Vision Hearing Mobility
– Low vision

– Blind

– Color blind

– Cataracts

– Sun glare
– Hard of hearing

– Deaf

– Noise

– Ear infection
– Broken arm

– Spinal cord injury

– Limited dexterity

– Hands full
Cognitive Speech Neural
– Learning disabilities

– Sleepy or distracted

– Migraine

– Autism

– Seizure
– Ambient noise

– Sore throat

– Speech impediment

– Unable to speak
– Depression


– Bipolar

– Anxiety

Visual issues range from an inability to distinguish colors to no vision at all.

  • Ensure a minimum contrast ratio threshold is met for text content.

  • Avoid communicating information using solely color and ensure that all text is resizable.

  • Ensure all user interface components can be used with assistive technologies such as screen readers, magnifiers and braille displays. This entails ensuring that UI components are marked up such that accessibility APIs can programmatically determine the role, state, value and title of any element.

Tip: Inspect element in Chrome, Edge and Firefox DevTools displays a tooltip of CSS properties that includes a quick check for color contrast ratio.

Hovering over an element you are inspecting will display a summary including color contrast ratio

I personally live with low-vision and am embarrassed to say, I’m that person that always zooms in on sites, their DevTools and terminal. While supporting zoom is almost never at the top of anyone’s list, optimizing for low-vision users is always appreciated… ?

Hearing issues mean a user may have issues hearing sound emitted from a page.

  • Make the content understandable using text alternatives for all content that is not strictly text.

  • Ensure you test that your UI components are still functional without sound.

VoiceOver for Mac being used to navigate in Safari

Mobility issues can include the inability to operate a mouse, a keyboard or touch-screen.

  • Make the content of your UI components functionally accessible from a keyboard for any actions one would otherwise use a mouse for.

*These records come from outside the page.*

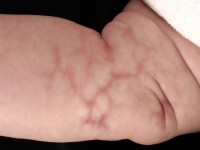 Cutis marmorata telangiectatica congenita (CMTC)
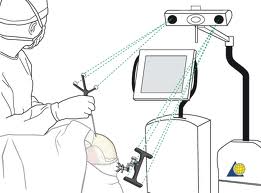Apollo Performs Indias First Navigation Surgery for Maxillofacial Trauma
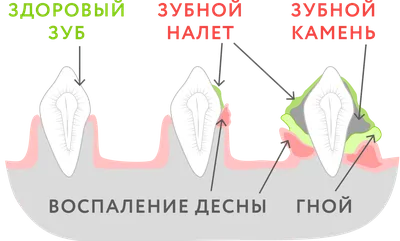 Лимфоцитарно-плазмоцитарный стоматит-гингивит у кошек |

  • Ensure pages are correctly marked up for assistive technologies; these users may use technologies such as voice control software and physical switch controls, which tend to use the same APIs as other assistive technologies like screen readers.

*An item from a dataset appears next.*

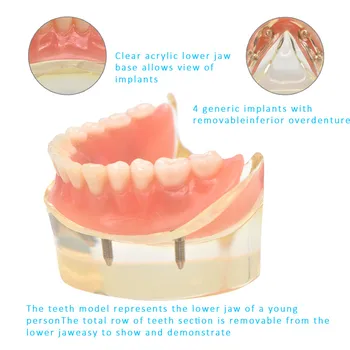 Zubné Overdenture Zuby Model Vymeniteľné Interiéru Mandibular Dolných Zubov Model Mandibular s Implantát za Zub učiteľské Študijné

Cognitive issues mean a user may require assistive technologies to help them with reading text, so it’s important to ensure text alternatives exist.

  • Be mindful when using animations. Avoid a visual presentation that is repetitive or flashing as this can cause some users issues.

The prefers-reduced-motion CSS media query allows you to limit animations and autoplaying videos for users who prefer reduced motion.

If the user expressed a preference for reduced motion, don't use animations on buttons.
@media (prefers-reduced-motion: reduce) {
  button {
    animation: none;
  • Avoid interactions that are timing-based.

This may seem like a lot of bases to cover, but we’ll walk through the process for assessing and then improving the accessibility of your UI components.

Tip: Some great accessibility do’s and don’ts digital posters are available by the accessibility team for spreading awareness of best practices in your team:

Thumbnail of accessibility posters

Are your UI components accessible?

Summary (tl;dr)

When auditing your page’s UI components for accessibility, ask yourself:

  • Can you use your UI component with the keyboard only? Does it manage to focus and avoid focus traps? Can it respond to the appropriate keyboard events?

  • Can you use your UI component with a screen reader? Have you provided text alternatives for any information which is presented visually? Have you added semantic information using ARIA?

  • Can your UI component work without sound? Turn off your speakers and go through your use cases.

  • Can it work without color? Ensure your UI component can be used by someone who cannot see colors. A helpful tool for simulating color blindness is a Chrome extension called SEE, (try all four forms of color blindness simulation available). You may also be interested in the Daltonize extension which is similarly useful.

  • Can your UI component work with high-contrast mode enabled? All modern operating systems support a high contrast mode. High Contrast is a Chrome extension available that can help here.